Ryan Ojerio (center, kneeling), a program coordinator for Northwest Youth Corps, works with Disciples of Dirt, a Eugene-based mountain biking club, at a trail building session on a section of the North Shore Trail along  the northern edge of Lookout Point Lake.

 

RIDERS UNEARTH TRAIL LESSONS

Mountain biking enthusiasts learn as they work in the Willamette forest

 

By MARK Baker

The Register-Guard

 

LOWELL - What were a bunch o folks wielding Pulaski axes and McLeod rakes doing Saturday in the Willamette National Forest about 8 miles east of here?

 

Trail building, of course.
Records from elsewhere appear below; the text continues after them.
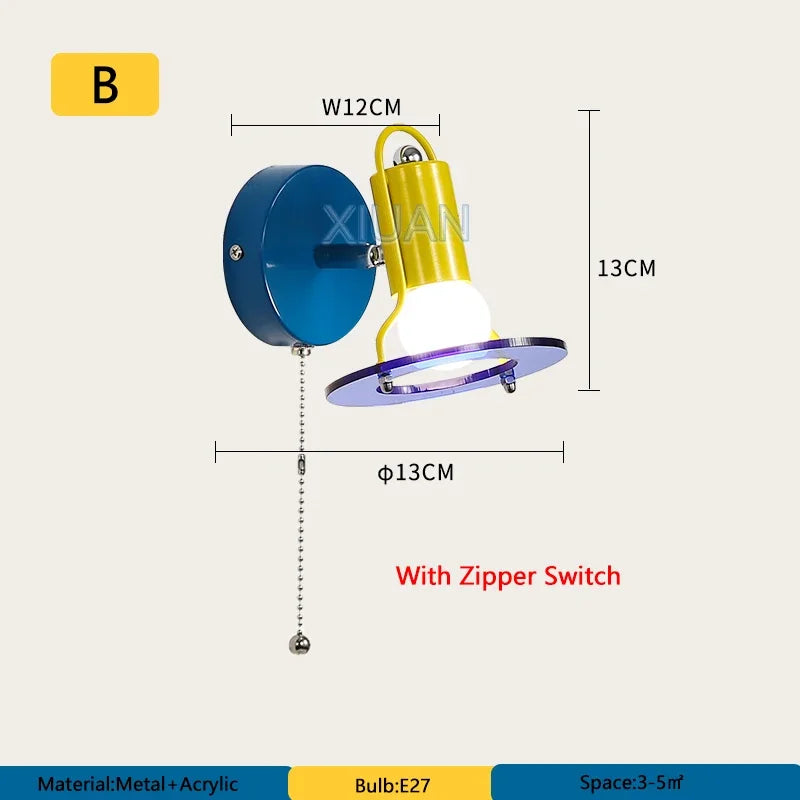 Stage Wall Sconce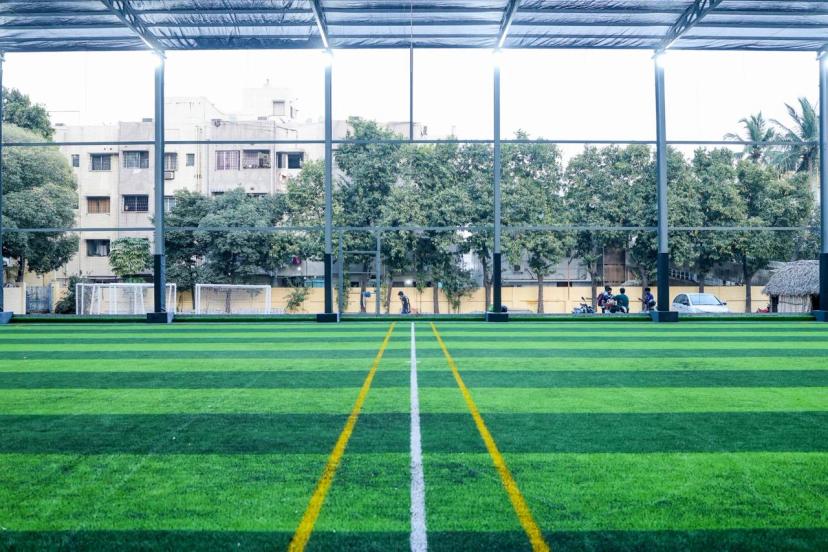 Nexus, Royapettah, Chennai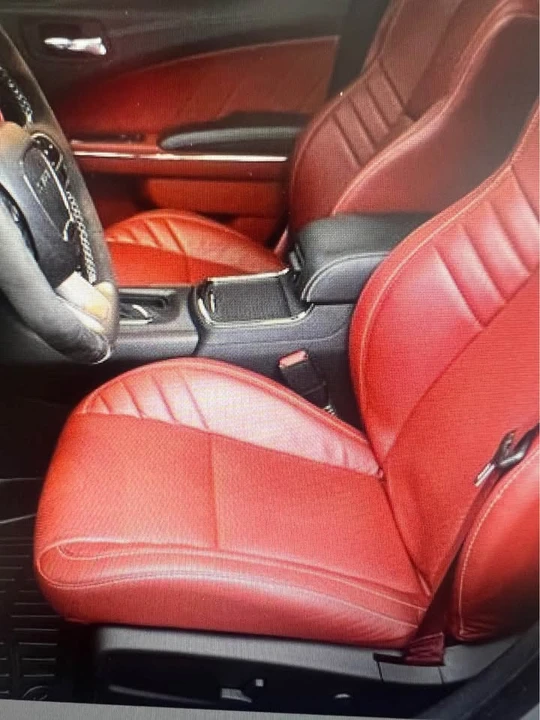 2022 Dodge Charger SRT Hellcat 7th Gen - Image 11 of 17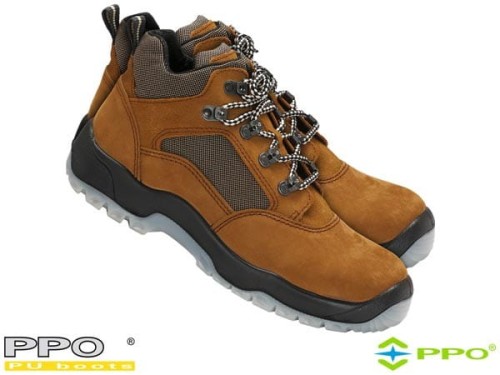BUTY BEZPIECZNE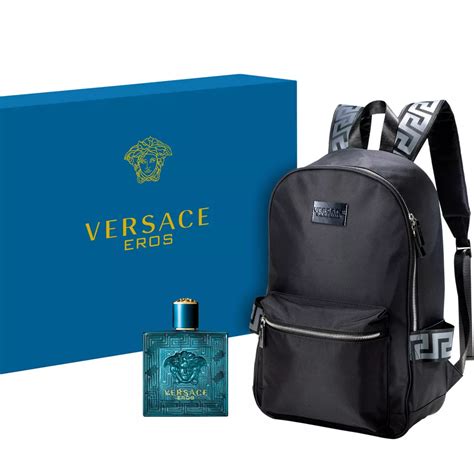 versace cologne in store|Versace man cologne with bag.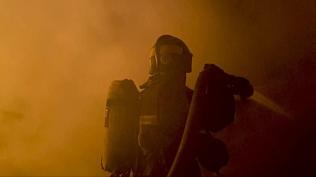 Temryuk Liman� hedefte: Petrol tesisine hava sald�r�s�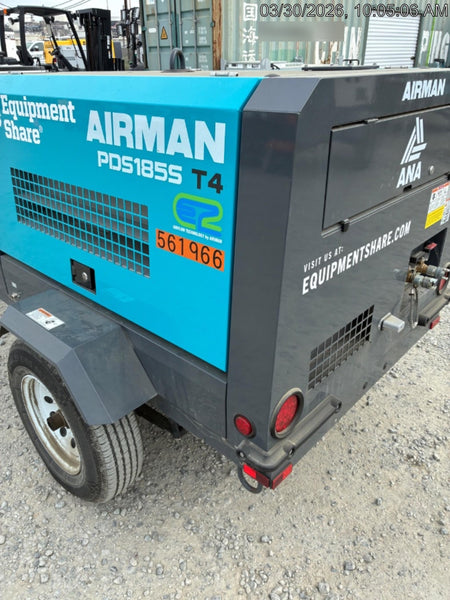 2025 AIRMAN PDS185S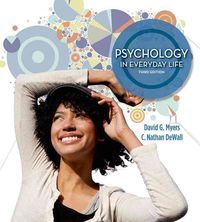 Produktbild: Myers, P: Psychology in Everyday Life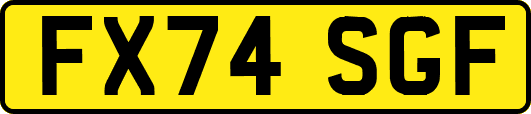 FX74SGF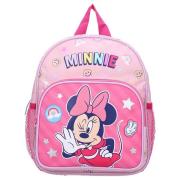 Disney Minnie Maus Glam It UP Kinder Rucksack 5L, Rosa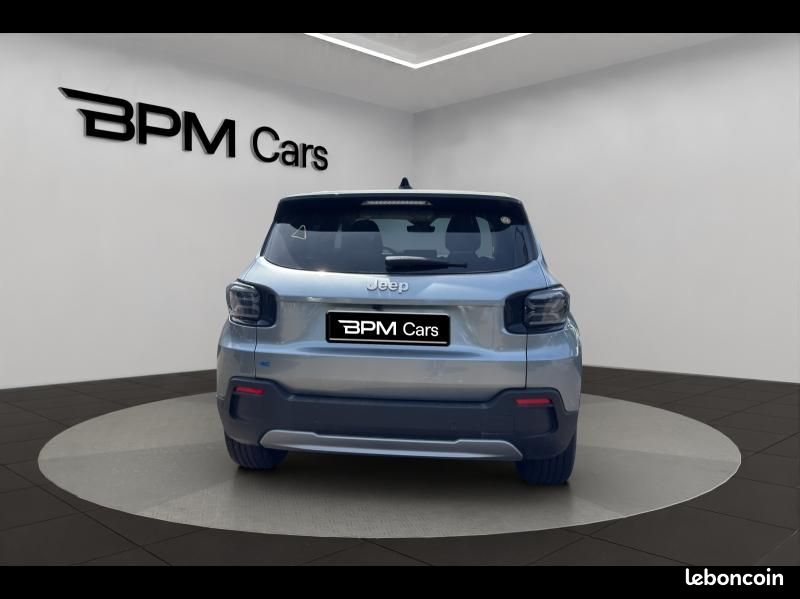 Jeep Avenger Electrique 156ch 115kW 1st Edition (image 6)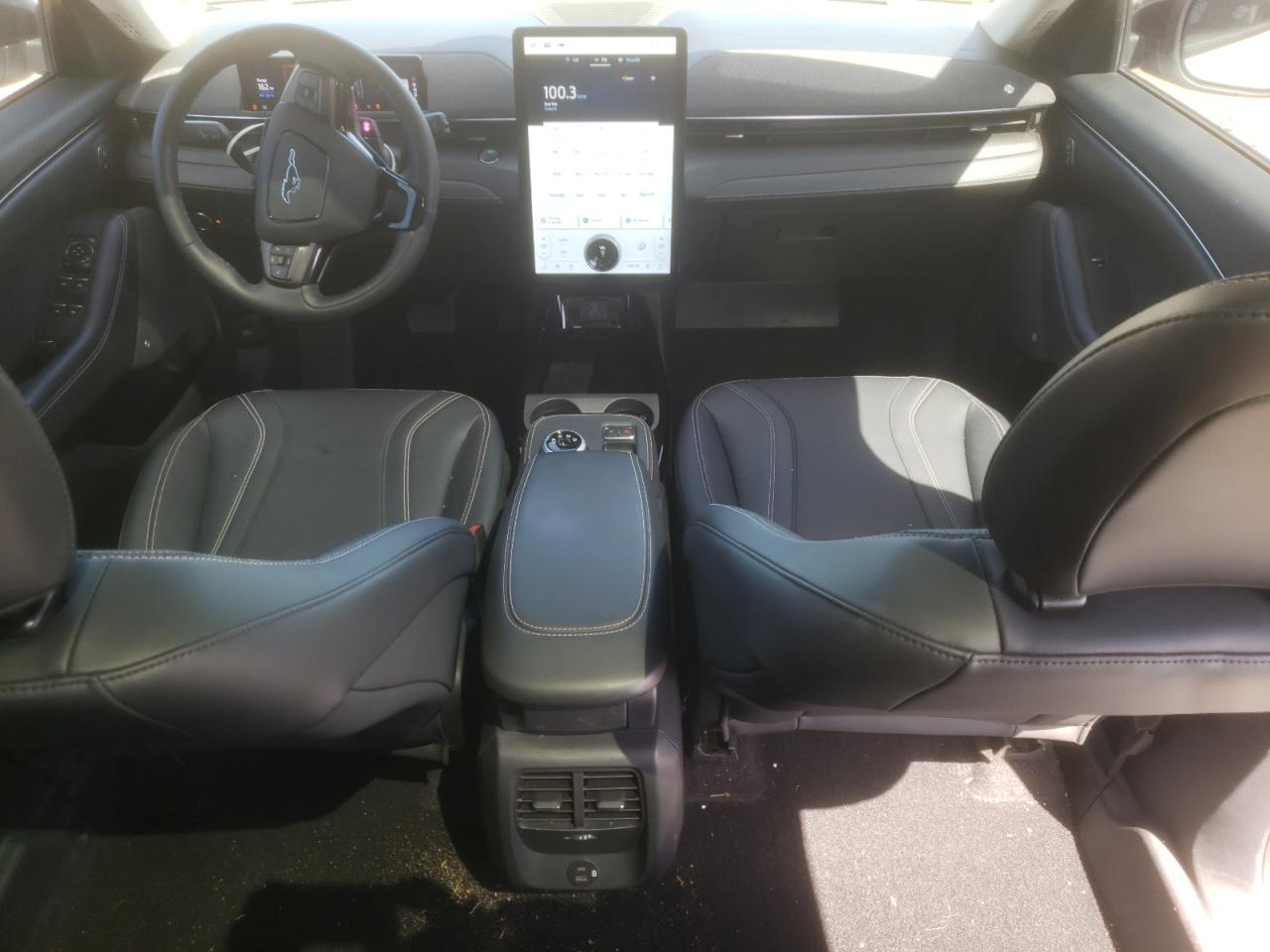 2022 FORD MUSTANG MACH-E PREMIUM VIN:3FMTK3RM9NMA56680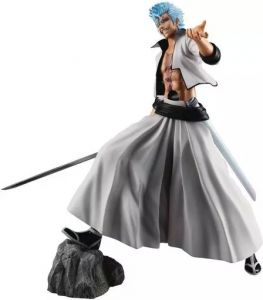 フィギュア G.E.M.シリーズ グリムジョー・ジャガージャック 「BLEACH -ブリーチ-」 メガトレショップ&オンラインショップ限定【10日以内発送】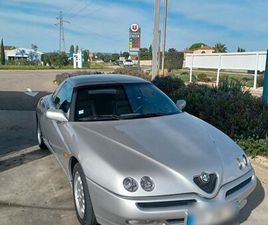 SPIDER ALFA + HARD TOP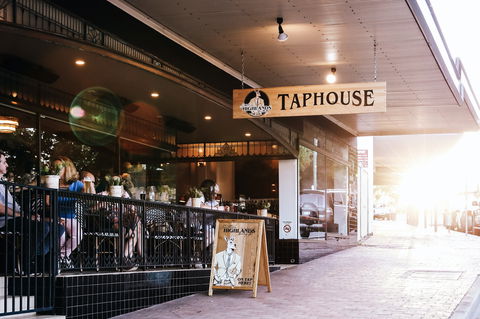 Southern Highlands Brewing Co. Taphouse - Go Out 0
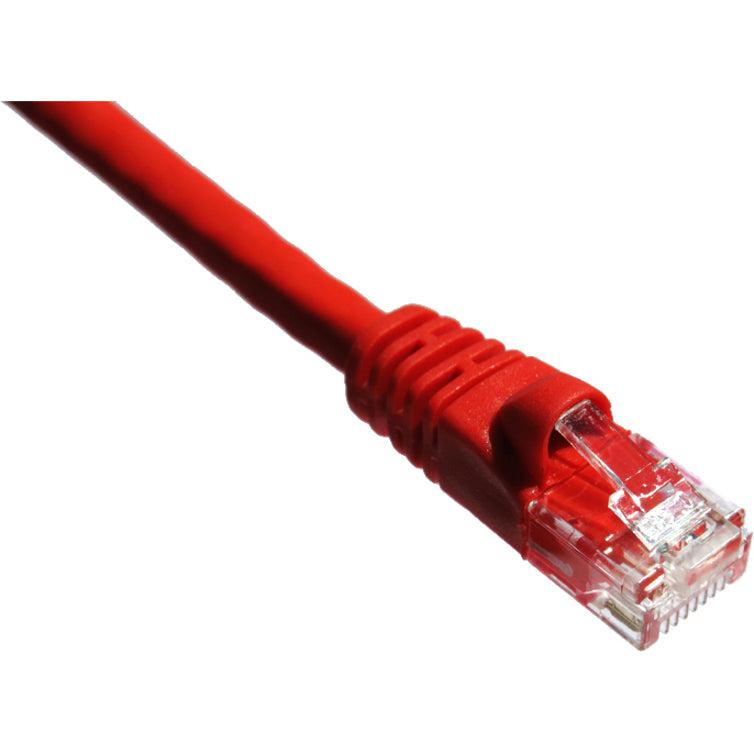 Axiome, Axiom C5Emb-R14-Ax Networking Cable Red 4.3 M Cat5E U/Utp (Utp)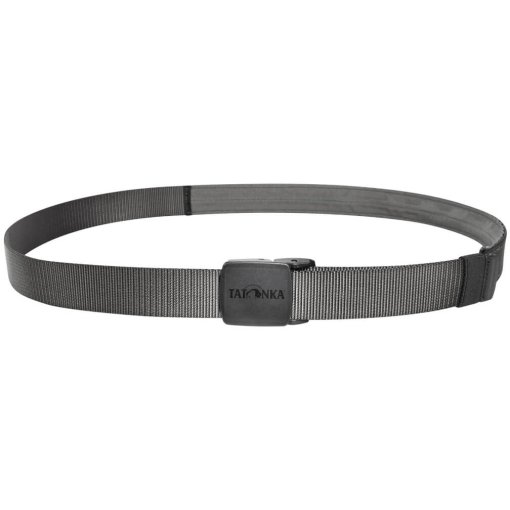Picture of Tatonka Travel Waistbelt 30mm Money Belt - titan grey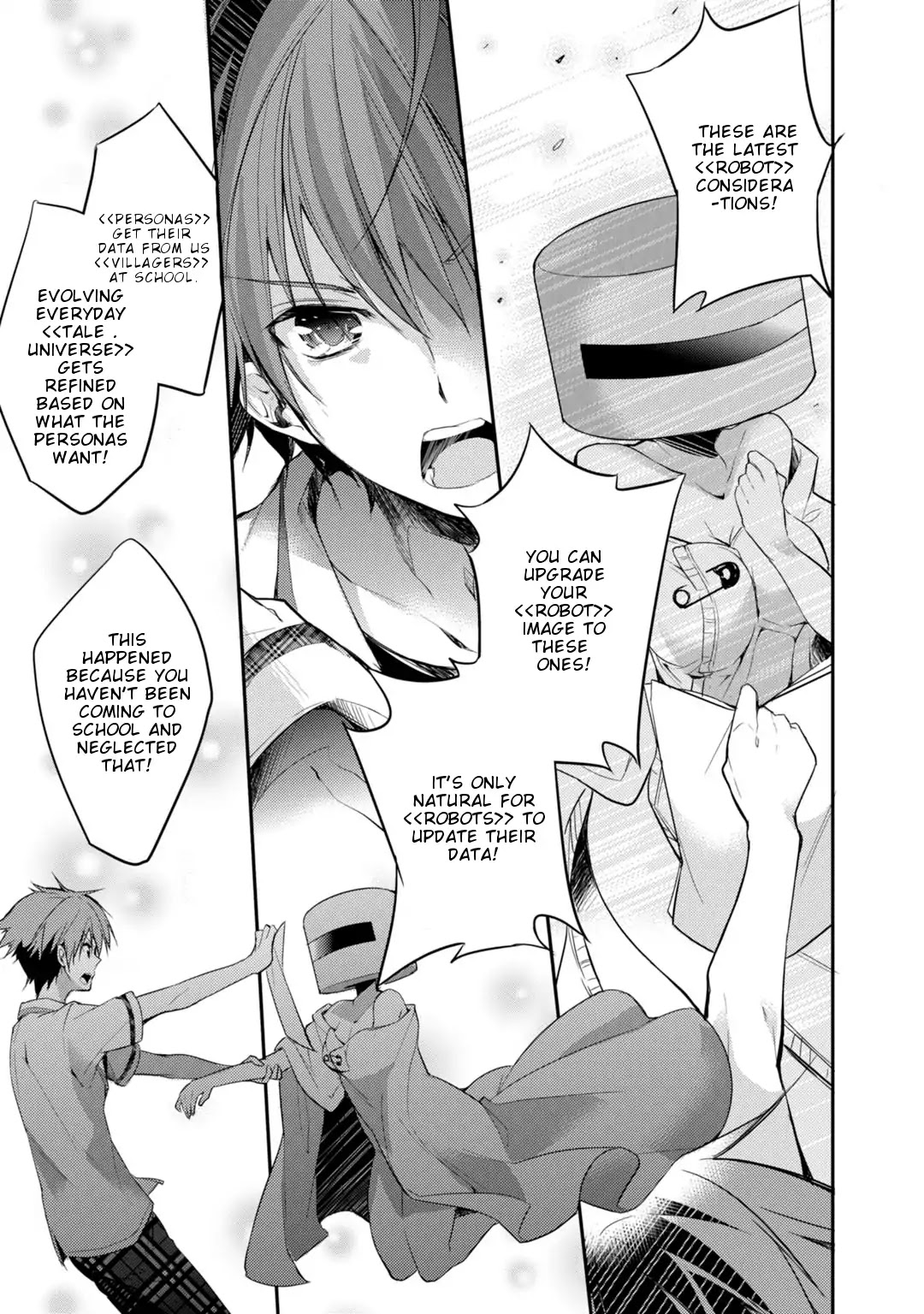 Maou na Anoko to Murabito A Chapter 17 page 15 - Chapter 17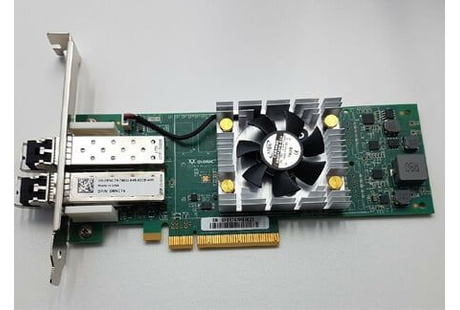 Dell RNCT6 Host Bus Adapter Networking Fiber Module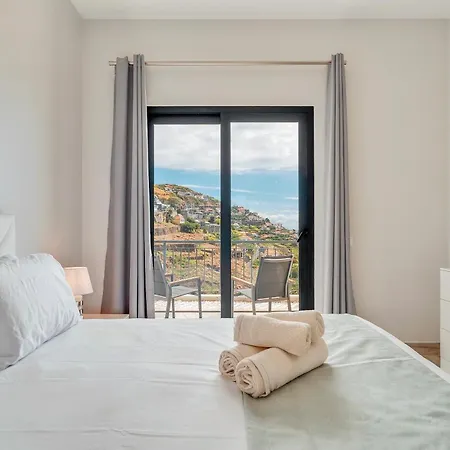 Sonhos Na Iha Iii By Madeira Apartman *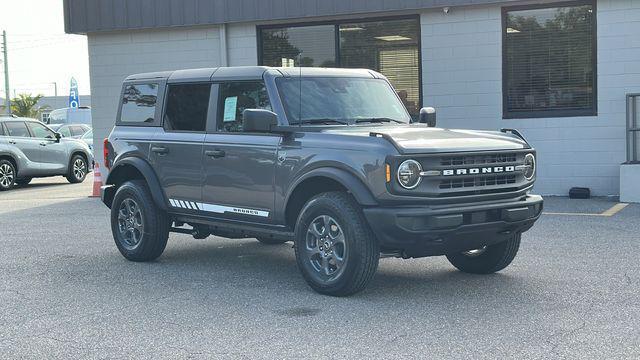 new 2025 Ford Bronco car, priced at $45,188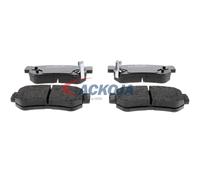 ACKOJA A52-0073 Kit pastiglie freni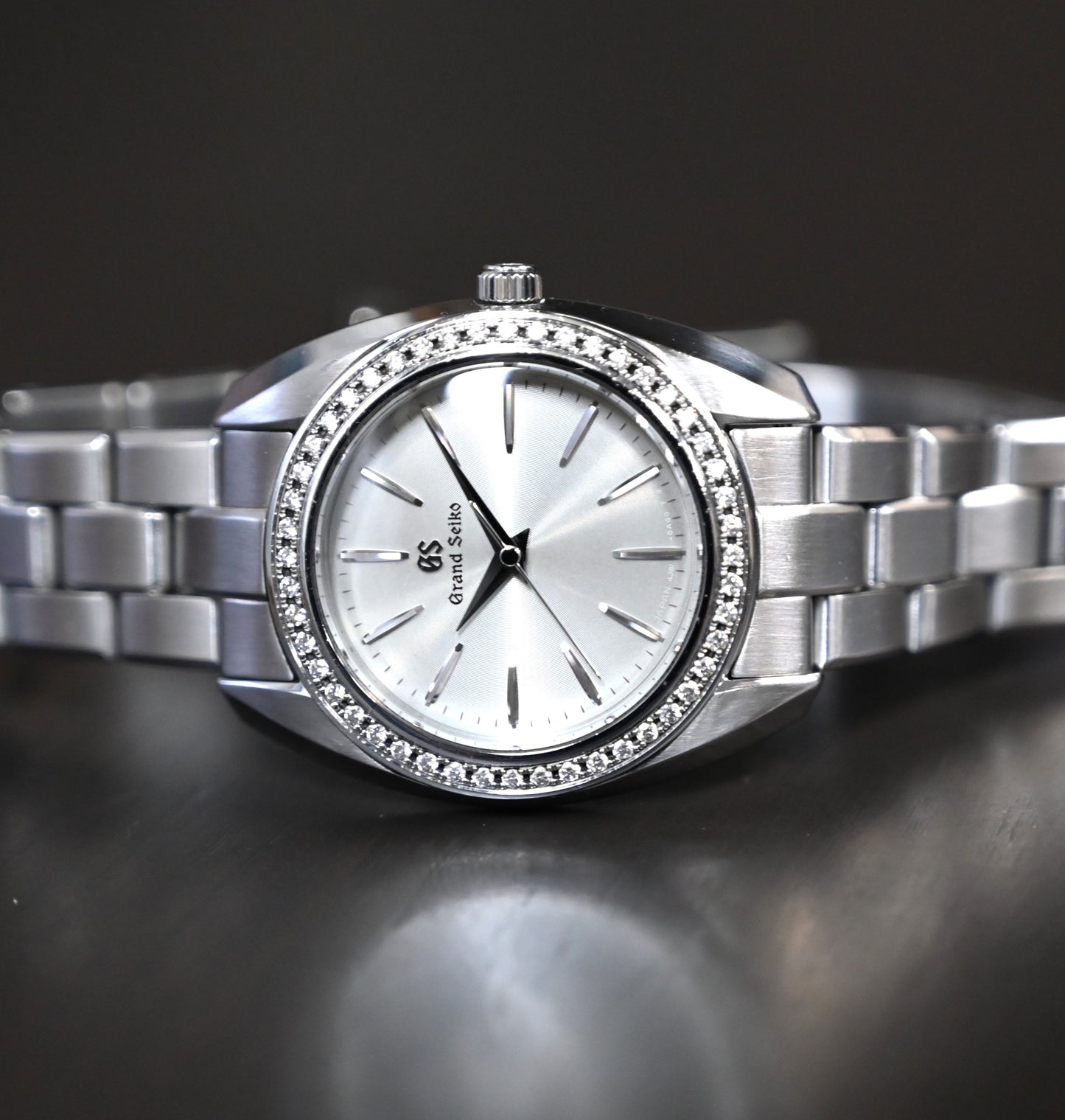 【Grand Seiko】 グランドセイコー STGF263 レディースクオーツ　中古美品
And that takes fancy rakes, hoes, axes and shovels that are normally used by firefighters to dig fire lines.

 

The International Mountain Biking Association is in town this weekend showing bike enthusiasts, land managers and forest service workers how to build and maintain multiuse trails for biking, hiking and horseback riding.

 

''With the growth of mountain biking, you've seen different problems with trails,'' said Ryan Ojerio, a program coordinator with the Eugene‑based Northwest Youth Corps, which helped coordinate Saturday's trail-building school on a section of the North Shore Trail along the northern edge of Lookout Point Lake.

 

Such problems include a lack of paid workers to maintain trails, heavy rains that damage paths and careless users.

 

Volunteers plan to spend the next year working on about a mile long section of the trail and rerouting it around Ivan Oaks County Park so mountain bikers won't have to fly right by campers, Ojerio said.

 

The U.S. Army Corps of Engineers owns and manages the land where the North Shore Trail is and invited the IMBA to teach the weekend workshop. The Boulder, Colorado based IMBA has been involved in trail design and maintenance since 1988.

 

The husband-and-wife team of Mark Schmidt and Lora Woolner of Midland, Ontario, led the workshop. They travel the United States and Canada year round, helping build and maintain trails that mountain bike riders share with other trail users. Schmidt said.

 

Budget cuts have left the maintenance of such trails mostly to volunteers, he said. That's why about half of the 20 or so who showed up to work on Saturday were members of Eugene's Disciples of Dirt mountain biking club.

 

The group is dedicated to land access and trail maintenance. It's been around since the mid-1980s and has more than 100 members, said Dave Hallock, one of its founding members.

 

''We could see early on that if people didn't understand the basics of trail maintenance, our sport wasn't going to go anywhere,'' Hallock said. It's about giving back, he said.

 

He was building a retaining wall along North Shore Road that will help support the soil on an access trail connecting the county road to the North Shore Trail.

 

''This is what we like to do,'' Hallock said.

 

The group tries to teach responsible mountain biking, he said. They advocate ethics such as keeping trails in good condition by not creating ruts, and maintaining safety by watching out for blind corners where a family might be hiking.

 

The IMBA held a classroom session Saturday at the ranger station in Lowell on trail-building techniques, trail-design, controlling water flow and routine trail maintenance.

 

''We want to maintain trails for Oregon,'' said Matt Denberg, a Disciples of Dirt member.